Question

Derive a relation for acceleration due to gravity. How their values vary with?
(i) Mass of the planet
(ii) Size of the planet

Answer 1

Step 1: Finding the relation of Acceleration using Universal law of gravitation

If we drop a body of mass $\text{'}m\text{'}$ from a distance say from the centre of the earth having mass $M,$ then the force exerted by the earth on body is given by

$F=G\times \frac{M\times m}{R^2}$ (by the universal law of gravitation) ……. (I)

We know that this force exerted by the earth will produce an acceleration in the stones because of which stone will fall downwards.

Force $=$Mass$\times$Acceleration

$F=m\times a$

or Acceleration (of stone), $a=\frac{F}{m}$ ……. (ii)

From equation (i)

$\frac{F}{m}=\frac{G\times M}{R^2}$

$a=\frac{G\times M}{R^2}$ {putting $\frac{F}{m}=a$}

$a=\frac{G\times M}{R^2}$ …… (iii)

Step 2: Replacing $\text{'}a\text{'}$ by $\text{'}g\text{'}$

We know that acceleration produced by the earth is called as acceleration due to gravity and is denoted by $\text{'}g\text{'}.$Hence replacing $\text{'}a\text{'}$ by $\text{'}g\text{'}$ in eq (iii).

$g=\frac{G\times M}{R^2}$

where $G=$gravitational constants

$M=$mass of the earth

$R=$radius of the earth.

Step 3: Acceleration due to gravity

(i) $g=\frac{G\times M}{R^2}$

means $g$ directly proportional to the Mass of the planet.

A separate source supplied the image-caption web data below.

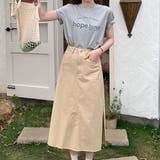 Tシャツ【韓国ファッション】 | Doula Doula | 詳細画像4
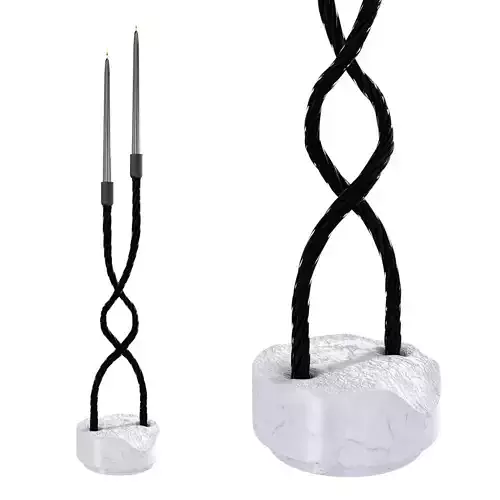 Aina Kari Thew Hug of Artisans 3D model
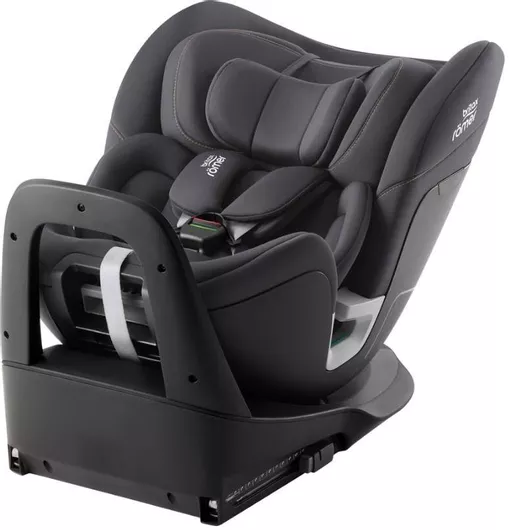 Παιδικό Κάθισμα Αυτοκινήτου Britax Romer Swivel I-Size 40-125cm 0-25kg Γκρι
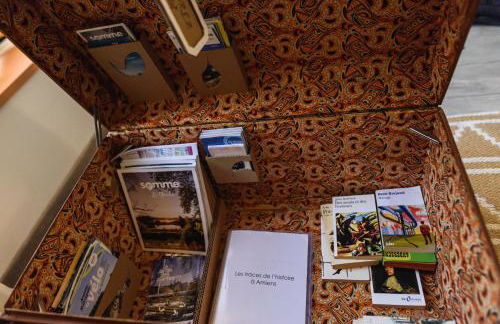 Proche centre, 2 couchages, calme, lumineux - Foto 18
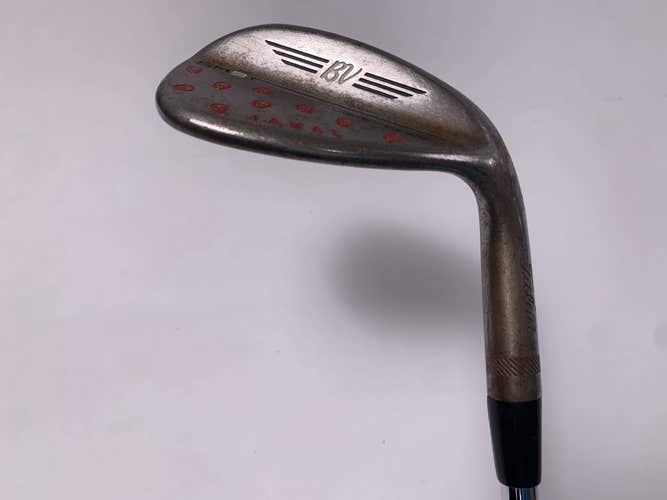 Titleist Vokey SM9 Raw Sand Wedge SW 54* 10 Bounce S-Grind KBS Extra Stiff RH
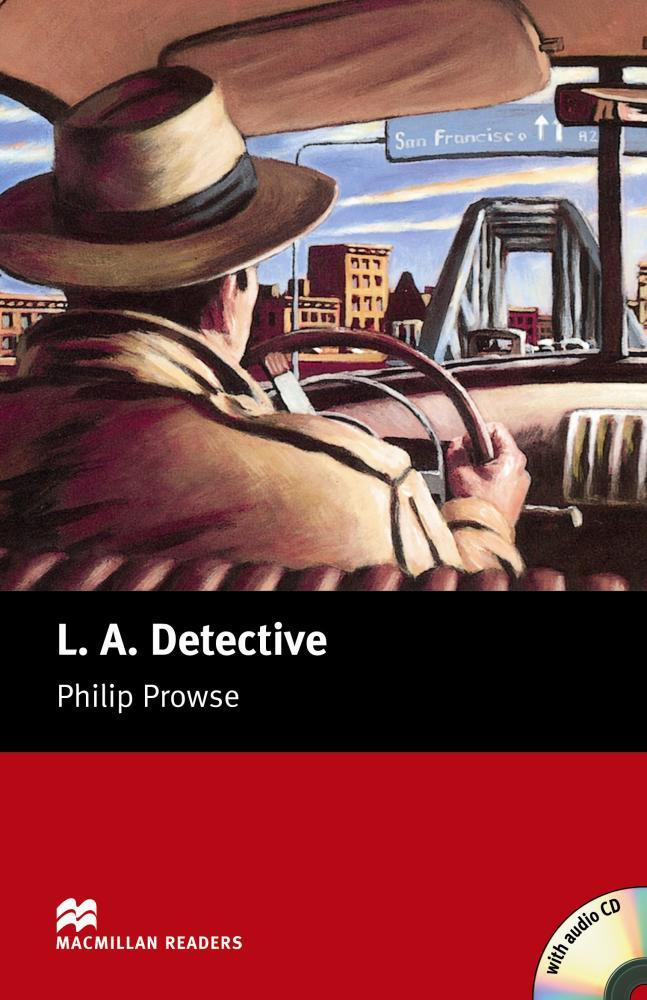 L.A. DETECTIVE PACK | 9781405077903 | PROWSE, P. | Galatea Llibres | Llibreria online de Reus, Tarragona | Comprar llibres en català i castellà online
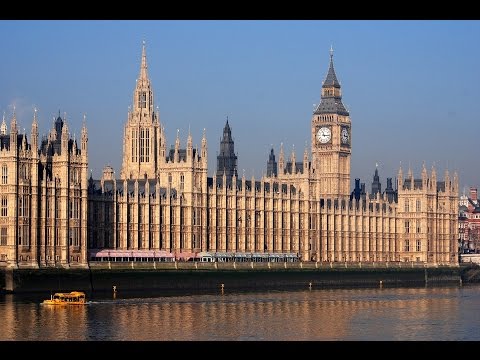 Places To See In London Uk Houses Of Parliament Palace Of Westminster Youtube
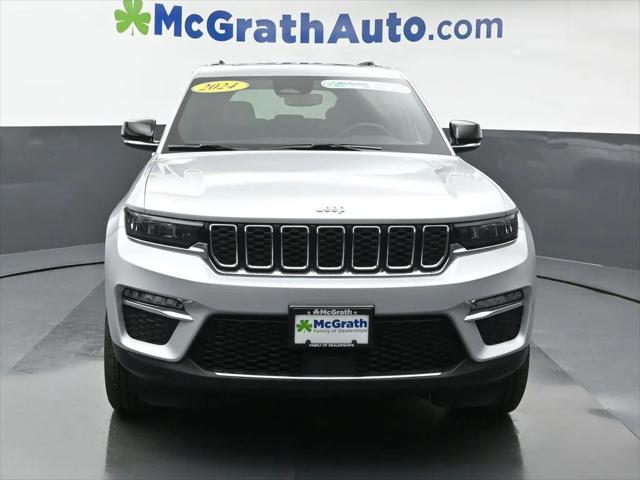 2024 Jeep Grand Cherokee Limited 4x4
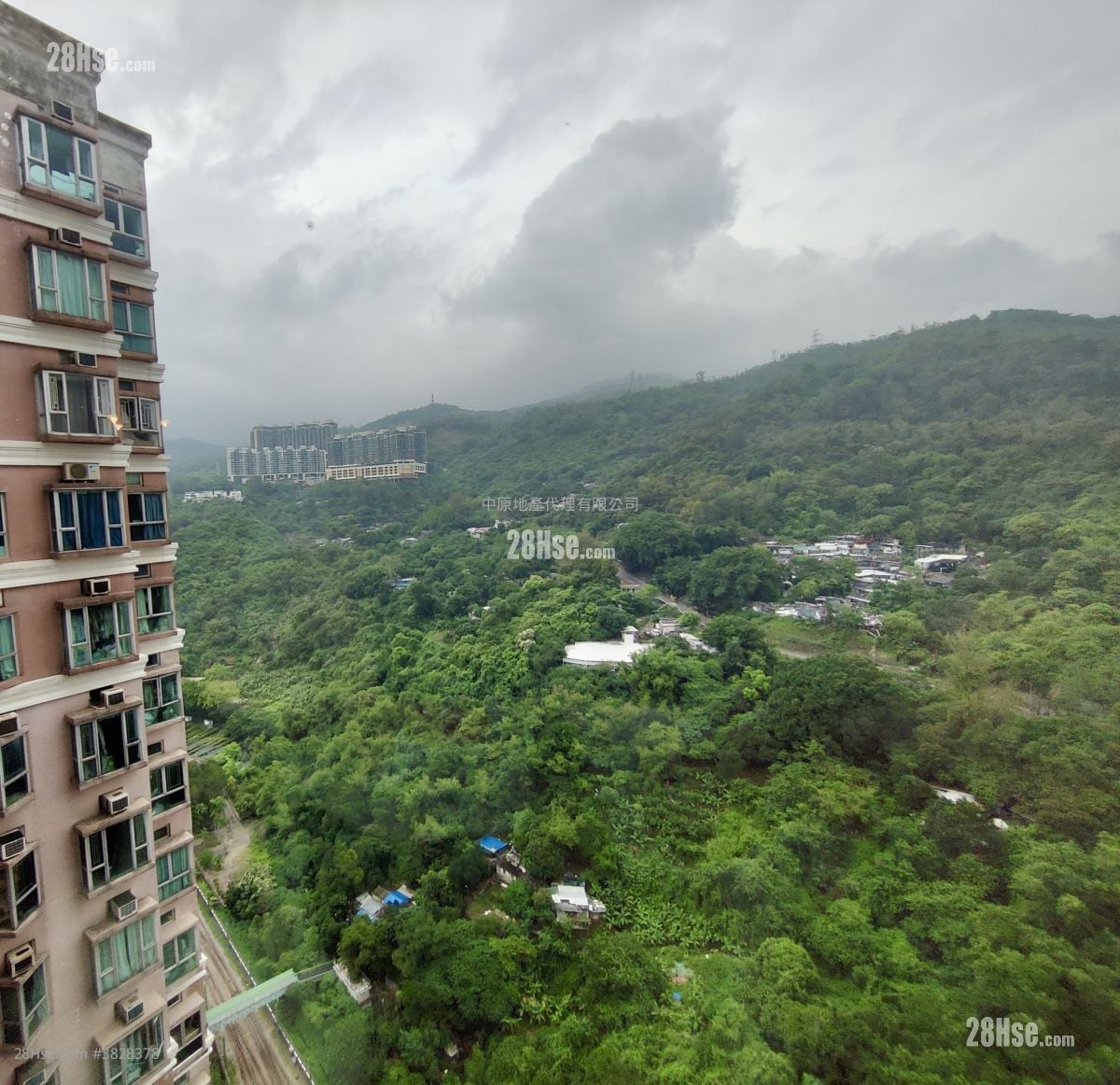 愉景新城 租盤 2 房 , 1 浴室 485 平方呎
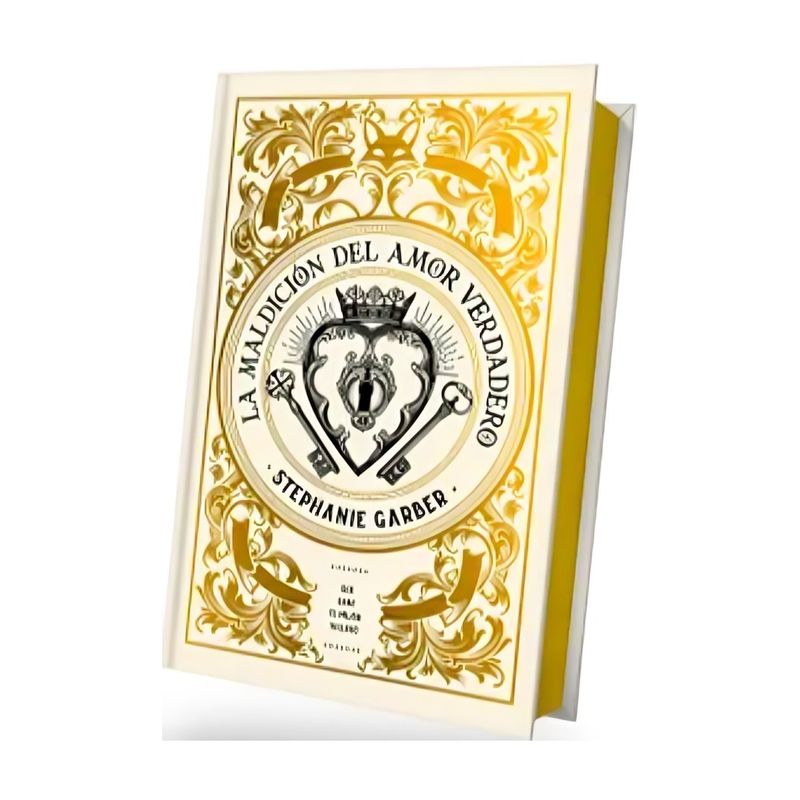 TOP10BOOKS - LIBRO LA MALDICIÓN DEL AMOR VERDADERO - EDICIÓN COLECCIONISTA / ZORAIDA CORDOVA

Hence, $\text{'}g\text{'}$ will increase as mass of a planet increases.

(ii) As acceleration due to gravity is given by

$g=\frac{G\times M}{R^2}$

means $g$ is inversely proportional is the square of the radius of the planet. Hence, the value $\text{'}g\text{'}$ decreases as the size of the planet increases.